Ghost World Release Date: July 20, 2001 Starring: Thora Birch, Scarlett Johansson, Steve Buscemi, Brad Renfro Directed by: Terry Zwigoff
Quietly poetic in its pirouettes of aimlessness and flirtations with despair, Ghost World, which was adapted from the comic book of the same name by originator-coscreenwriter Daniel Clowes and director-coscreenwriter Terry Zwigoff, is a tale of teen angst that manages to be artfully stark and uproariously funny at the same time.
The severely alienated Enid (Thora Birch) and Rebecca (Scarlett Johansson), best friends since childhood in their sun-bleached, generic suburb, decide to take a pass on college and set out looking for a house together after their practically farcical high school graduation. They're not too good at applying themselves, though — it's more fun to razz the waiter at a lame, local, '50s-themed diner; cadge rides from their pal Josh (Brad Renfro); or answer cheesy personal ads with prank phone calls. As a result of the latter activity, Enid winds up forming a peculiar attachment to a vinyl-fetishist sad sack named Seymour (Steve Buscemi). "He's the opposite of everything I hate," Enid explains to the fairly repulsed Rebecca. Eventually, intimations of age-inappropriate romance start emerging, and Seymour becomes the fulcrum from which all of Enid's wildly contradictory emotions swing.
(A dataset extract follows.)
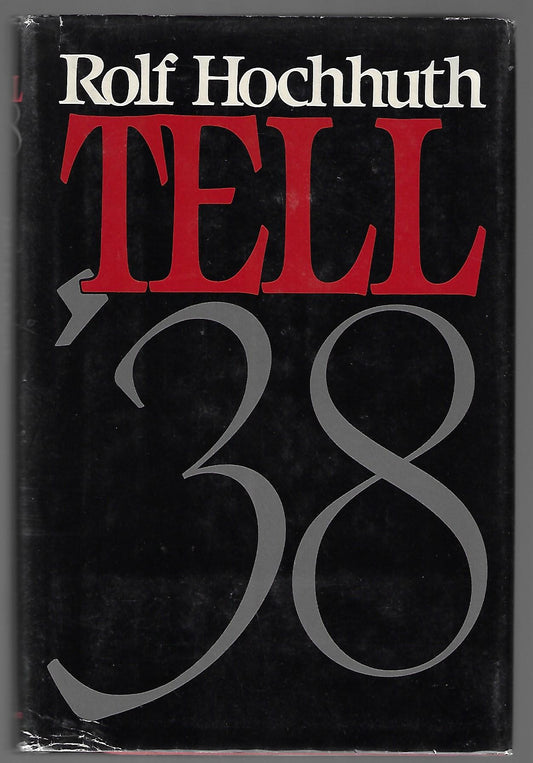 Rolf Hochhuth / Tell '38 1st Edition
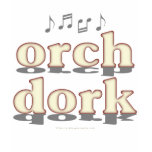 Orch Dork t-shirts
The characterizations and performances here are remarkably deft, and Zwigoff's direction (he has only two features, both documentaries, under his belt, including the superb Crumb) is pitch-perfect; the screenwriting, too, is remarkably tight and multileveled. This treasure packs a different kind of summer-movie wallop—one that keeps growing long after you've left the theater.